= Ambler's Reports =

Reports of cases in the High Court of Chancery, with some few in other courts, from 1737 to 1783 is the title of a collection of nominate reports, by Charles Ambler, of cases decided by the Court of Chancery between approximately 1737 and 1784. For the purpose of citation their name may be abbreviated to "Amb". They are reprinted in volume 27 of the English Reports.

J. G. Marvin said:

These Reports, as originally published by the author, were not what the profession had a right to expect from a lawyer of Mr. Ambler's experience and abilities.

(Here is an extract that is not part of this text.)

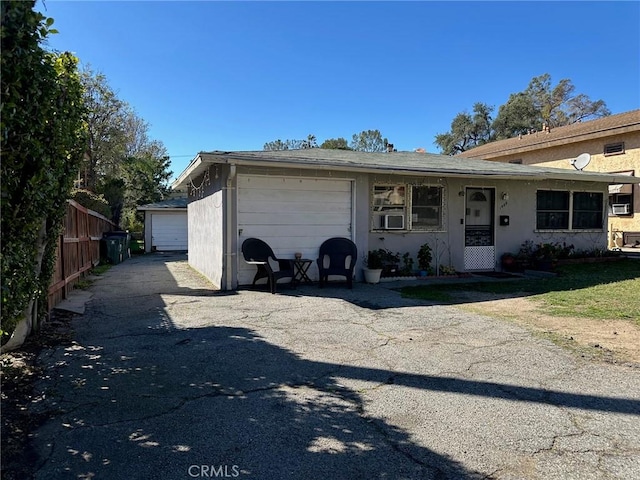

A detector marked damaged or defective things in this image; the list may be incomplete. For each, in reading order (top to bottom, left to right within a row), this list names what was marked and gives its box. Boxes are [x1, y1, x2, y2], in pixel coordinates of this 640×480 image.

In the preface to his Reports he says: "This work, I am aware, derives its only pretentions to merit, from being an accurate relation of facts, and opinions of great men presiding in courts of justice." The accuracy on which the reporter prides himself, has not been granted to him by the profession, which affords but another example of the inability of authors always to judge of their own productions. "His Reports are well known to be an extremely careless and imperfect production. The facts of most of the cases are stated shortly and defectively; in many, the dicta of the judges, in some, even the points themselves have been erroneously reported. The only notice which some of the most important cases in the book have received, is a short memorandum of the point determined. The notes taken in the earlier part of his life, evidently bear few marks of subsequent revision; and the frequent discovery of errors has given a reputation for inaccuracy to the publication." Mr. Blunt has corrected the errors of Ambler, by means of the Registrar's Book, and by comparing the Reports with contemparaneous manuscript reports, and thus has very much added to the reputation and authority of the work. Ambler's Reports embrace a period of forty years, and contain many of the decisions of those great Chancellors, Lords Hardwicke and Northington. Atkyns, Dickens, Barnadiston, Vessey, sen., and Eden, have also reported the decisions of these learned Chancellors. 12 Leg. Observer, 524; 1 Kent's Com. 460; Preface to Vol.1. Eden's Reports.